- _WORK TASK_
Your answer must consist of exactly the lines below, starting with the line with "Le petit Tetras" and going on through the line with "Maxbike 29 lady", and nothing else.

::: GIVEN ENTRIES :::

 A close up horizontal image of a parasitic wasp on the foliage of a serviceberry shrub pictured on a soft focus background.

:::
::: GIVEN ENTRIES :::

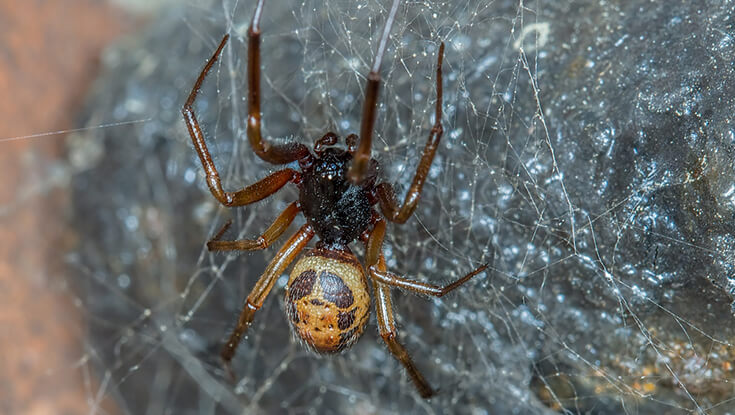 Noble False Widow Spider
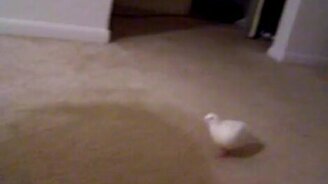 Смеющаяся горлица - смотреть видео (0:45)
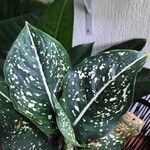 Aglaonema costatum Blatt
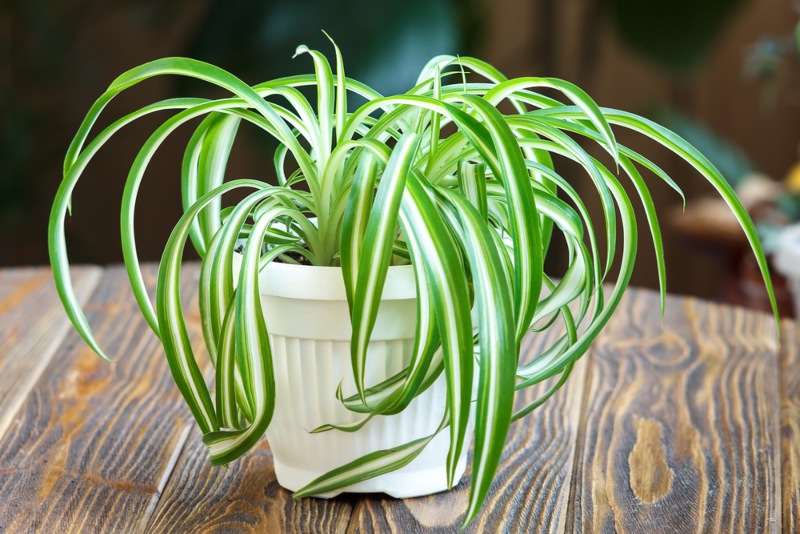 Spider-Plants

:::
::: GIVEN ENTRIES :::

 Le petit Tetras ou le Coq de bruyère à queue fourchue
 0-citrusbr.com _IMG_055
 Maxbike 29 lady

:::

- _FINAL ANSWER_
 Le petit Tetras ou le Coq de bruyère à queue fourchue
 0-citrusbr.com _IMG_055
 Maxbike 29 lady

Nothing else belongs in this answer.